There are several ways to change your traditional CD ladder strategy based on your goals.

  • Mini CD Ladder: Creating a CD ladder using only short-term CDs may be an option for savers who don’t want to invest in long-term things. For example, such a ladder could consist of six, nine, 12, or 18 months’ conditions.
  • Barbell CD Ladder: a Barbell CD Strategy It resembles a traditional CD ladder, but the central lang is missing. Therefore, a short-term CD forms one end of the structure, and a long-term CD forms the other end. The potential advantage of this is that if available, some of your funds may be accessed more quickly, while taking advantage of longer terms at potentially higher rates.
  • Bullet CD Ladder: Open multiple CDs of different terminology lengths and all mature at the same time. For example, you will open a five-year CD, a four-year CD next year, and a three-year CD the next year. They are all matured to the same target year. This approach is suitable for planned major expenses such as down payments and university tuition fees.

Is a CD ladder a good investment?

Whether a CD ladder is right for you depends on your financial goals, risk tolerance, and liquidity needs.

Maximize your return with a CD ladder

It shines when the CD ladder wants a guaranteed return without market risk. The highest CD rates currently exceed 4%, but generally do not match the potential returns from stocks and other risky investments in the long run.

However, CD ladders offer what these investments cannot: certainty. Opening a CD will give you a sense of exactly how much you earn, providing valuable stability for a part of your financial portfolio.

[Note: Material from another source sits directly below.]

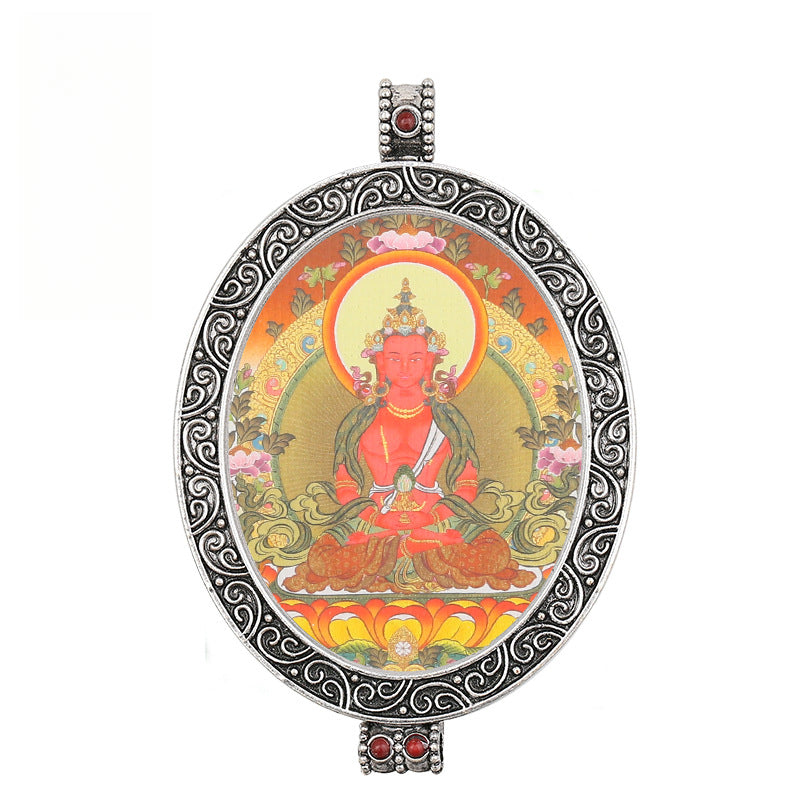Thangka Pendant - Oval Design with Openable Micro Thangka Box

CD ladder flexibility and fluidity

CD ladders provide an intermediate basis between full liquidity (such as savings accounts) and long-term commitments (such as five-year CDs). Ladders allow CDs to mature regularly and allow regular access to funds without sacrificing the higher interest of long-term CDs.

If you’re not sure about tying your money, consider keeping emergency funds (3-6 months’ expenses) for immediate access, while using CD ladders on other savings targets.

Reducing risks from CD ladders

CD ladders help you manage your interest rate risk. This is the possibility that the fee may change after you commit your money. If the rate rises, CDs will regularly mature which can be reinvested at a higher rate. As prices drop, long-term CDs continue to earn higher lock-in rates.

This makes the CD ladder especially valuable during periods of interest rate uncertainty or volatility.

Conclusion

CD Ladders offer a strategic approach to balancing higher interest rates and saving regular access to your money. Surprising different maturities dates on multiple CDs may give you a little more control over your money while taking advantage of the guaranteed returns.

The structure of an ideal CD ladder depends on your specific financial goals, timeline and comfort. For the biggest returns, instead of automatically updating with the same bank, always compare rates from different financial institutions when the ladder CD matures.